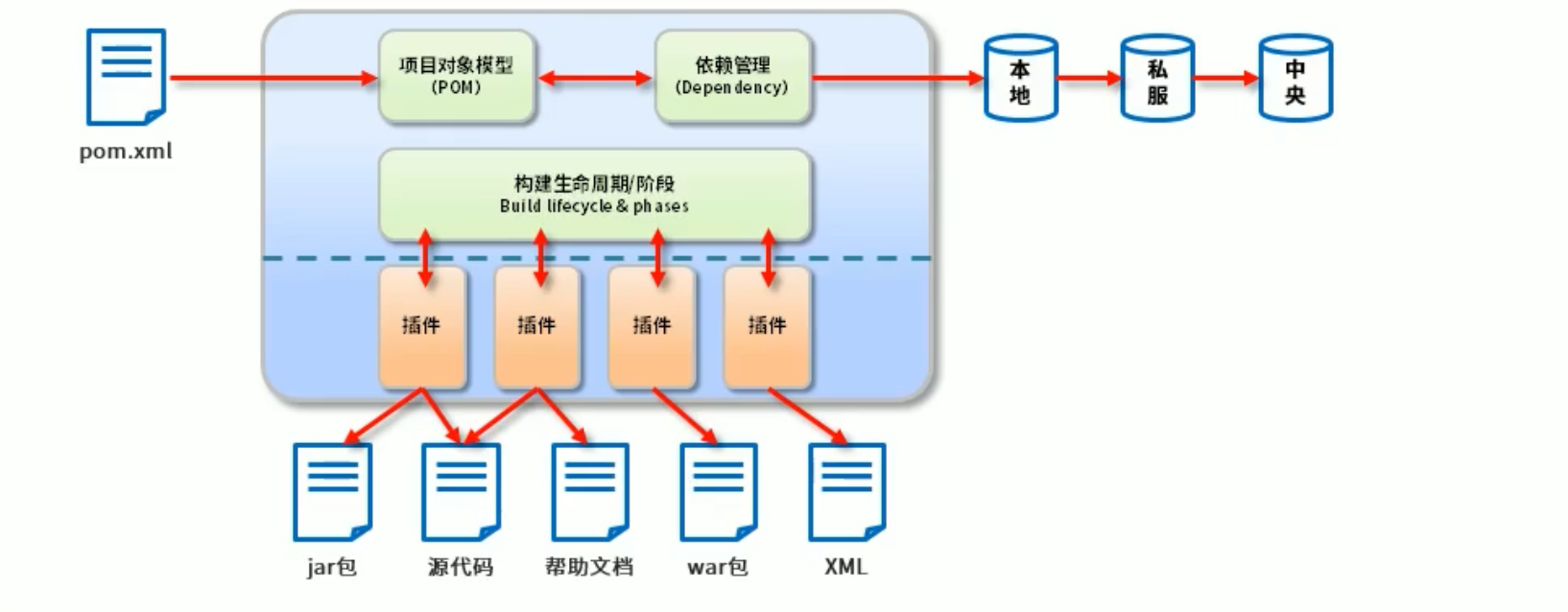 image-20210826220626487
:::::
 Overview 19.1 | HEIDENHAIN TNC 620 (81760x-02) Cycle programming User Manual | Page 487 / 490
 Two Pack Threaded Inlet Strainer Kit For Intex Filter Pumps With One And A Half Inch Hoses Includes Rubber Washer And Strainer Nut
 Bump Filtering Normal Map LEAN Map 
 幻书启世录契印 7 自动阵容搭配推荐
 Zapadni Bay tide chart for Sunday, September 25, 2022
:::::
Work to be completed. Give back, word for word, only the lines above from the line holding "Overview 19.1 |" to the line holding "Zapadni Bay tide", both included.

Answer space.
 Overview 19.1 | HEIDENHAIN TNC 620 (81760x-02) Cycle programming User Manual | Page 487 / 490
 Two Pack Threaded Inlet Strainer Kit For Intex Filter Pumps With One And A Half Inch Hoses Includes Rubber Washer And Strainer Nut
 Bump Filtering Normal Map LEAN Map 
 幻书启世录契印 7 自动阵容搭配推荐
 Zapadni Bay tide chart for Sunday, September 25, 2022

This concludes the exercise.